Savanna se virou em tempo de bloquear um chute com as suas mãos. Tentou empurrar Pandora, mas Drake segurou seu braço e a jogou por cima do ombro. A princesa caiu, ajoelhada, no chão.

Ouviu Pandora se virando, arrastando os pés pelo chão, em direção a ela. Cerrou os dentes. Com um movimento rápido, desembainhou a faca da cintura e desferiu um golpe para trás, sem nem mesmo olhar para o corpo de Drake, sabia que aquilo a faria hesitar. Sentiu a lâmina se chocando contra a carne do rapaz. Ao puxar a lâmina, notou um arquejo de surpresa ou, quem sabe, de dor.

Olhou para trás.

O corpo de Drake começou a tremer de maneira violenta. Viu os olhos do rapaz revirarem, tornando-se completamente brancos por um momento. As veias surgiam e desapareciam sob a pele. Era como se Drake estivesse tendo uma convulsão.

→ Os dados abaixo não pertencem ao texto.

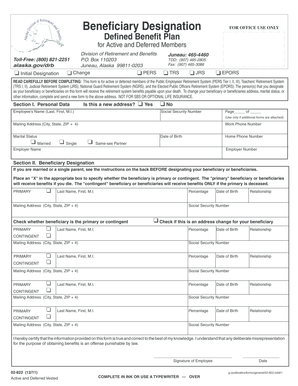 Alaska Beneficiary Designation Form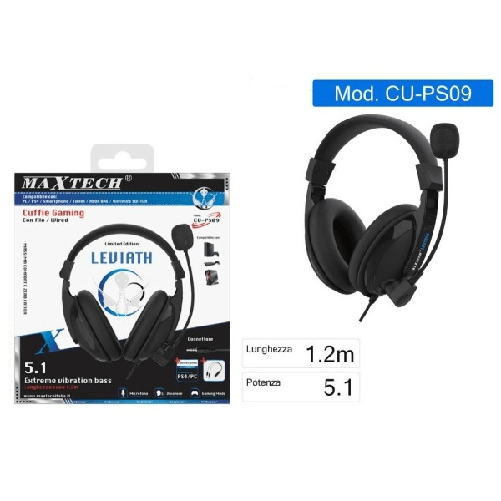 Maxtech-cuffie Gaming Da Gioco Con Filo Microfono Per Pc Ps4 Xbox One Smartphone Cu-ps09 -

– Pandora... não... - agora, era a voz de Drake que saía do corpo de Drake. Savanna abriu a boca, mas não conseguiu dizer nada. Drake ainda estava lutando, é claro! Ainda estava vivo! Poderia sobreviver! - Savanna... !

Antes que ela pudesse encontrar sentido naquelas palavras, o corpo do rapaz se envergou para a frente, parando de tremer. Ouviu Drake gritar de dor. Aquele não era um bom sinal.

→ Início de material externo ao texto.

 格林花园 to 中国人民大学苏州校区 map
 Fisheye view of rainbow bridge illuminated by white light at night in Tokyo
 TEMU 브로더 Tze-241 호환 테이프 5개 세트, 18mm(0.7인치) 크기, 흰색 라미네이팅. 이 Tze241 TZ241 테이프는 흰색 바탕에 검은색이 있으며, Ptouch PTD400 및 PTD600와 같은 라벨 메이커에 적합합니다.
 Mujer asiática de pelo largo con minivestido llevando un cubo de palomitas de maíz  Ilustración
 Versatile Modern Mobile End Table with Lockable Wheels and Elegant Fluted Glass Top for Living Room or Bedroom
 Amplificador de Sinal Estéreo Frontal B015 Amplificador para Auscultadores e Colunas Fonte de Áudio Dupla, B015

Preparou-se para dar um ataque fatal, mas, antes que pudesse fazer isso, Pandora esticou os braços e, com isso, fez com que o ar de Savanna saísse pela sua boca. A princesa tentou recuperar o fôlego, mas não conseguia fazer nada. Até mesmo perdera o controle de seus movimentos, importando-se apenas com aquilo: respirar.

Sentia os fios da inconsciência se apoderando dela quando uma onda de água jogou Pandora ao chão. Outro arquejo de surpresa mesmo que, desta vez, Drake não tivesse recuperado o controle. Antes que a deusa pudesse se levantar, a água se congelou sobre seus membros.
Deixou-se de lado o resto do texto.